◆ **Material provided**
▬▬▬▬▬▬▬▬▬▬
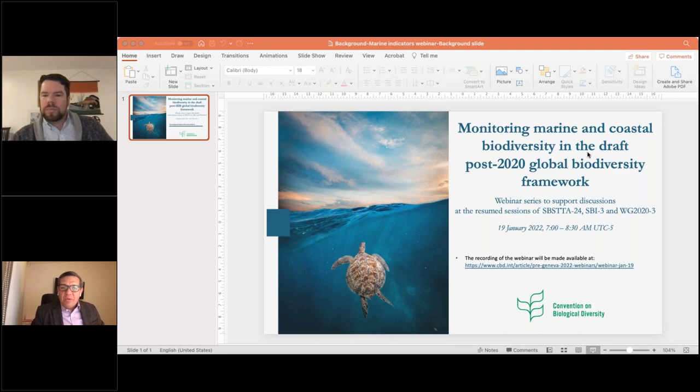Welcome everyone to this webinar on Marine and Coastal Biodiversity and Indicators for the Post-2020 Global Biodiversity Framework. This is part of a series of webinars convened by CBD Secretariat in the lead-up for the forthcoming resumed sessions of SOBSTAT 24, SBI 3, and the third meeting of the Open Ended Working Group on the Post-2020 Global Biodiversity Framework. As the chair of SOBSTAT, it is my pleasure to co-host this webinar and a number of other forthcoming webinars. Please check the CBD site for more information on the full webinar series.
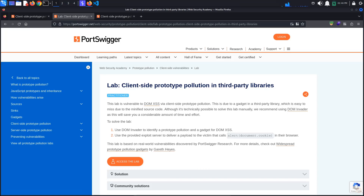Today's PortSwigger tutorial is entitled Client-Side Prototype Pollution in Third-Party Libraries. This lab is vulnerable to client-side prototype pollution. To solve the lab, we must deliver a payload to the victim that calls alert(document.cookie) in their browser. We will first solve the lab using the recommended DOMInvader extension and then see a short demonstration on how we could do this manually.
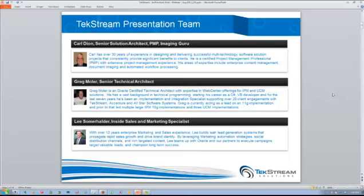My name is Lee Sommerhalder. I coordinated this webinar based on the demands of our customers wanting to get a deeper dive into the platform to understand functionality, benefits, and what it looks like in your environment. We will have a Q&A section at the end. If anybody has questions in the meantime, there is a speech bubble on your join me dialogue box. Please direct those questions to the host and we'll aggregate and answer them at the end. Please mute your phones.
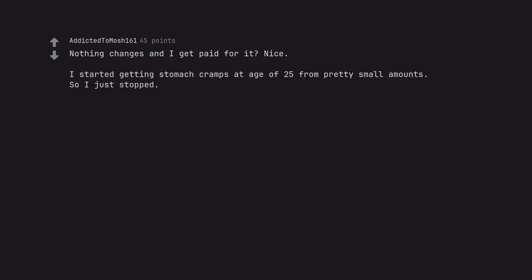I started getting stomach cramps at age of 25 from pretty small amounts. So I just stopped.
▬▬▬▬▬▬▬▬▬▬
◆ **Work instructions**
Please output every line of the listing as it stands, and omit its images.

◆ **Finished task**
Welcome everyone to this webinar on Marine and Coastal Biodiversity and Indicators for the Post-2020 Global Biodiversity Framework. This is part of a series of webinars convened by CBD Secretariat in the lead-up for the forthcoming resumed sessions of SOBSTAT 24, SBI 3, and the third meeting of the Open Ended Working Group on the Post-2020 Global Biodiversity Framework. As the chair of SOBSTAT, it is my pleasure to co-host this webinar and a number of other forthcoming webinars. Please check the CBD site for more information on the full webinar series.
Today's PortSwigger tutorial is entitled Client-Side Prototype Pollution in Third-Party Libraries. This lab is vulnerable to client-side prototype pollution. To solve the lab, we must deliver a payload to the victim that calls alert(document.cookie) in their browser. We will first solve the lab using the recommended DOMInvader extension and then see a short demonstration on how we could do this manually.
My name is Lee Sommerhalder. I coordinated this webinar based on the demands of our customers wanting to get a deeper dive into the platform to understand functionality, benefits, and what it looks like in your environment. We will have a Q&A section at the end. If anybody has questions in the meantime, there is a speech bubble on your join me dialogue box. Please direct those questions to the host and we'll aggregate and answer them at the end. Please mute your phones.
I started getting stomach cramps at age of 25 from pretty small amounts. So I just stopped.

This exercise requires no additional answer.